As we refined the annotation guidelines, two additional rules were developed. The first relates to the unit of annotation. Specifically, each annotation tag should be applied at the sentence level, allowing for efficiency in the task and limits the cognitive load in isolating phrases that belong to a certain annotation tag. Another rule emerged from this first decision: Assign only a single tag to each sentence. While this second rule reduces the cognitive burden of a rater in applying several tags to a single sentence, it does pose a problem when there is more than a single argumentative element present in a sentence.

To address potential annotation inconsistencies that can be caused by multiple elements in a sentence, we established the following hierarchy for assigning argumentation tags: Controlling Idea, Opposing Position, Evidence, Elaboration, and Transition. The order within the hierarchy was designed to prioritize the most rhetorically central components of argumentative writing. Controlling Idea and Opposing Position were emphasized as foundational to the overall argument. Evidence was placed above Elaboration because it requires additional cognitive effort, such as reviewing and selecting source material. Transitions were ranked lowest, as they introduced no new content and instead served a connective function.
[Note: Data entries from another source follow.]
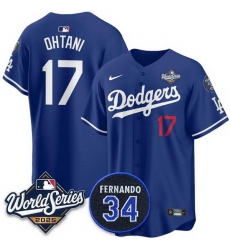Men Los Angeles Dodgers 17 Shohei Ohtani Royal 2025 World Series With No 34 Patch Limited Stitched Baseball Jersey Men Los Angeles Dodgers 17 Shohei Ohtani Royal 2025 World Series With No 34 Patch Limited Stitched Baseball Jersey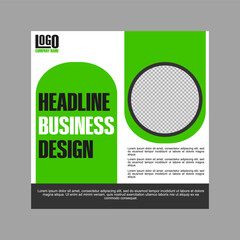 modern green and white social media post design for promotion for business.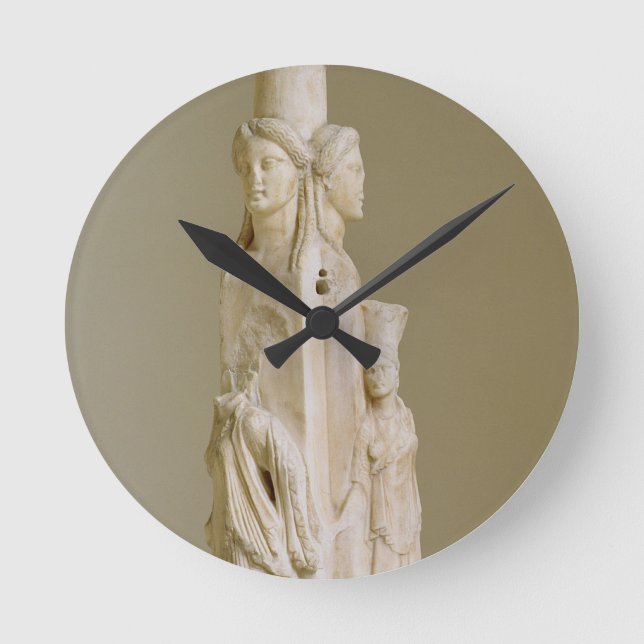Triform Herm of Hecate, Marble sculpture, Attic pe Round Clock (Front)
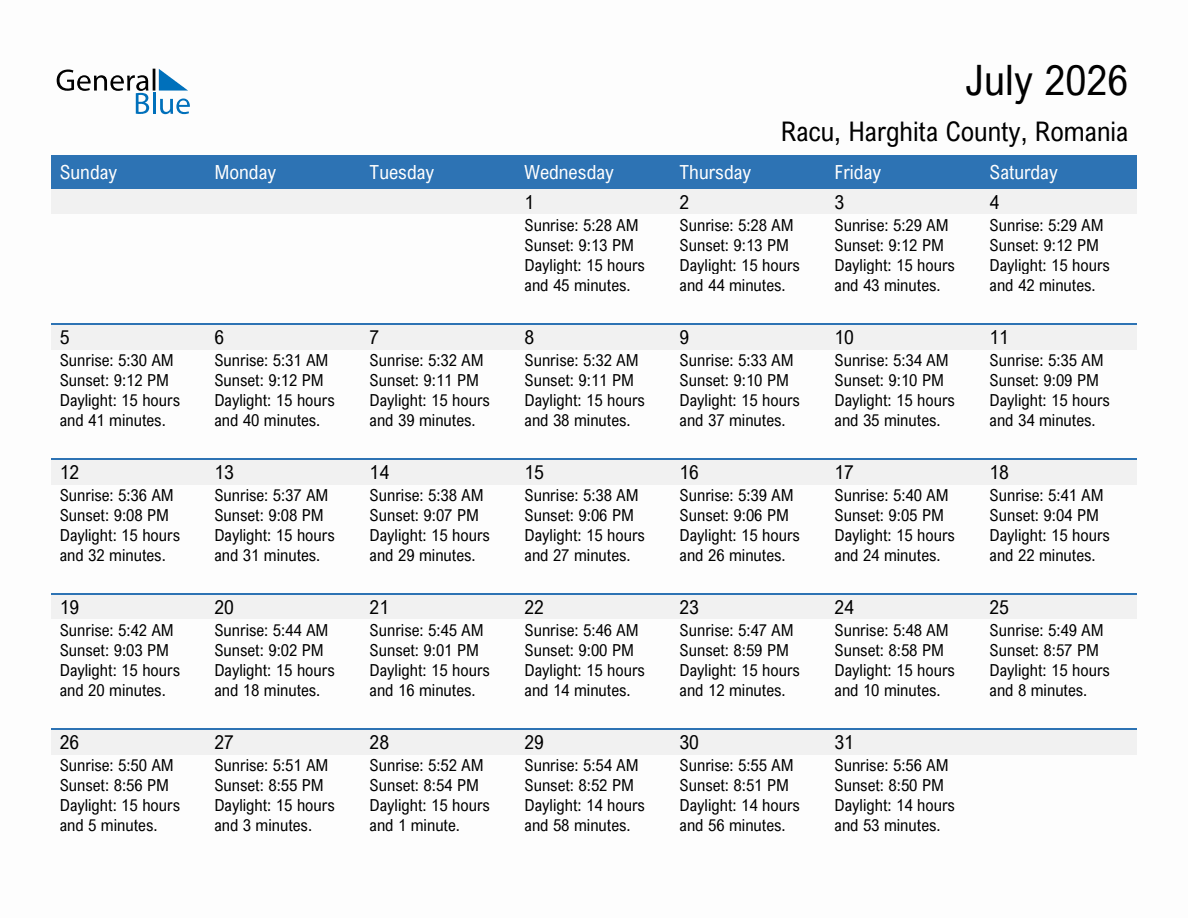 July 2026 sunrise and sunset calendar for Racu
Introduction and Conclusion were excluded from this hierarchy. These elements were treated as separate structural components of the essay. Including them in the tagging hierarchy would have introduced potential confusion, particularly because they sometimes contain embedded argumentative components. For example, a piece of Evidence may appear in the Introduction as an attention-grabber, or in the Conclusion as a final persuasive appeal.

2.2 Annotation training materials and process

To support the annotation process, additional training materials were developed alongside the guidelines, all tailored to the 6–8 grade band. Applying a unified training approach across this grade band is consistent with the design of the ICCR rubric, which was explicitly developed for grades 6 through 8. While it is expected that students’ writing will show increasing sophistication as they progress through grades, this developmental progression is not encoded through separate rubrics for each grade.2 Instead, calibration occurs through the examples used in training; providing raters with grade-specific exemplars that ground expectations at each performance level. For the annotation process, we follow the same logic to use consistent guidelines across the grade band 6-8.To create training materials for the annotation work, hand-scoring training materials previously used to train raters in accordance with the original rubric were repurposed. Based on the repurposed hand-scoring training and qualification materials, the researchers compiled an anchor set and practice sets consisting of 10 essays each across prompts across all three grade levels. Prior to the training session, the developers of the annotation guidelines independently annotated all training papers, after which they reviewed and discussed the annotations to arrive at a final consensus annotation for each essay.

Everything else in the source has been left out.